An emphatic remark to this end came from Erik Nielsen, global chief economist at Pioneer’s parent company, UniCredit Bank. 

“If you have European equities you will have made a lot of money [by this time next year]. You heard it from me!” he told the audience of 180 fund selectors.

Monica Defend (pictured), Pioneer’s head of global asset allocation research, said Europe is “finally getting better” and that the economy is accelerating. She prefers European equity to US in relative terms, and added: “We are long Europe – a lot.”
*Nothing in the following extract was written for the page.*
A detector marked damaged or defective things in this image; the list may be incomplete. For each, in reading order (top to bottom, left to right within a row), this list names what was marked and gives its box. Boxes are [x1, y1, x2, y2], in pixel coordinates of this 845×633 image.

Corporate profitability, which has been growing since the third quarter of 2014, is part of the reason. Defend told the audience of global investors that though European earnings per share (EPS) trail the US, these will catch up and give the market recovery – which saw main benchmarks up around 20% in the first quarter – a degree of longevity.
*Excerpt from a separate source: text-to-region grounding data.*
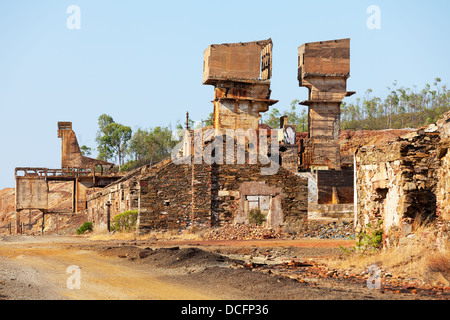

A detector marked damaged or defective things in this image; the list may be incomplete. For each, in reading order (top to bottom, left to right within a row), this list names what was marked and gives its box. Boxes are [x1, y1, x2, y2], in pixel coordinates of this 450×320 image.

rusty metal structure [204, 39, 278, 131]
rusty metal structure [298, 38, 356, 171]
rusty metal structure [13, 121, 121, 234] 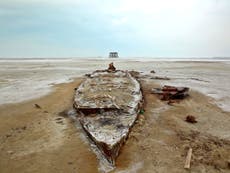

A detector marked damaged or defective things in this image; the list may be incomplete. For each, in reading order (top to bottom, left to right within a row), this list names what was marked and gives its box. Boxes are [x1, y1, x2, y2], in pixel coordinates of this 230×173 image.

wrecked boat [73, 63, 143, 165]
rusty metal debris [73, 63, 143, 165] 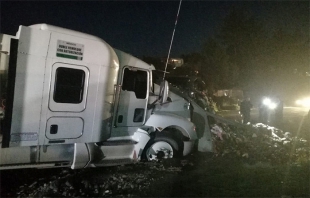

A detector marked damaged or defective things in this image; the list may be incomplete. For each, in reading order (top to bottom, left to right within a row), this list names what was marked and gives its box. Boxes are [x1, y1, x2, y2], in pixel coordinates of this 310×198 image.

damaged truck cab [0, 23, 196, 170]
“When I look at European equity, back in June 2009 Europe was beating the US, though it did not last due to macro fragility.”

Pioneer liquid alternativesThough macro factors were a drag for equities at that time rather than companies themselves, corporates are in a better position today because QE is providing greater confidence. 

“EPS readings are moving upwards in Europe – and in emerging markets,” said Defend.

Emerging markets are important to Europe’s companies, which have higher exposure to them than US firms – a point not lost on former Goldman Sachs economist Nielsen. 

“Total equity returns correlate with per capita growth and I would bet my money that in the next two to three years, Europe will outperform per capita growth in the US nicely, meaning European equity should outperform,” he said. 

“[And] if emerging markets start to look better, then European companies are more exposed to them than US.”

Pioneer says volatility in markets will be higher and that non-euro investors should hedge the devaluing currency. 

Defend adds that the absolute return multi-strategy portfolio uses longer duration bonds to hedge equity.

THE NEED FOR INCOME PERSISTS
A breath of fresh air, rather than a brand new dawn, is one way to describe the Eurozone equity story. Local equity markets are pockets of celebration in an otherwise stifling atmosphere. 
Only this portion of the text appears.